Did you notice this in ThrottleStop or some other monitoring software?  Was there a load on your CPU?  Why not turn the ThrottleStop Log File option on.  It takes very little in terms of CPU resources to log your CPU with ThrottleStop.  That way you will have a record of any throttling the next time this happens.


----------



## Michael19264 (Apr 6, 2020)

I need help. My laptop has the capability to exceed up to 48 watts but instantly goes down again. Is there a way to make it go back up to max performance once Its cool again? @unclewebb any help would be greatly appreciated. I have an acer Aspire E15 E5-576G-81GD.

As you can see in the rightmost image, its indeed powerful enough to go up to 45watts or above.


----------



## unclewebb (Apr 6, 2020)

Why is Turbo Boost Short Power Max set to 17 and why is this not checked?  Check that box, set it to 44 and see what happens.  You are the second person within a couple of days with that exact same problem.  Did you copy your power settings from a YouTube video or maybe Acer is setting those limits wrong in the BIOS.

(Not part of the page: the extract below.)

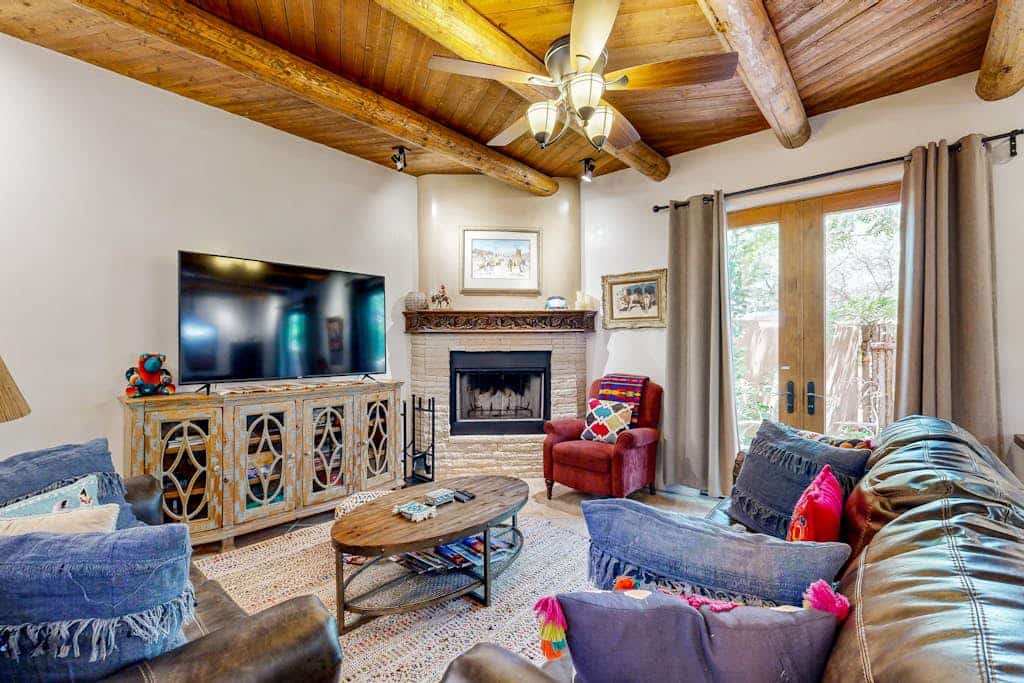 Welcome to Casa Del Norte, a stylish two-level townhome a short walk from Santa Fe's historic Plaza. Inside, classic vigas, two fireplaces, and a chef's kitchen meet easy modern comfort. Step out to a private walled courtyard of flagstone, perfect for morning coffee or an evening glass of wine under the stars. After a day of galleries, green chile, and mountain air, unwind in the primary suite's jetted tub. A garage and driveway parking make downtown Santa Fe feel effortless.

Edit - My mistake.  You are just posting the same stuff in multiple threads.  

Some laptop models are completely locked down while others are left wide open.  After you make that change, do some more testing.  If you cannot get beyond this limit using ThrottleStop then there is nothing else you can do.


----------



## Michael19264 (Apr 7, 2020)

It seemed to improve but still goes back down after a few seconds. I'm pretty sure it might be locked. Better than before though


----------



## Richo (May 15, 2020)

Hi,

Would really appreciate any help if possible @unclewebb.

I have a Dell XPS 15 - i7 8750H @ 2.2ghz.

Have noticed what seems like significant throttling lately, especially in games. When running CINEBENCH 20, the temperature jumps to 96, 97 degrees too.

I also don't have the install button next to the "Disable and Lock Turbo Power Limits" checkbox.

Appreciate any help! Thanks


----------



## unclewebb (May 15, 2020)

Richo said:


> Dell XPS 15 - i7 8750H


The Dell XPS 15 runs hot and has known throttling problems, especially when gaming. The heat from the Nvidia GPU, when it is active, overwhelms the system and sends CPU temps up to the throttling point. There is not much you can do about bad design other than run your CPU at speeds well below its rated speed to try and reduce overall heat.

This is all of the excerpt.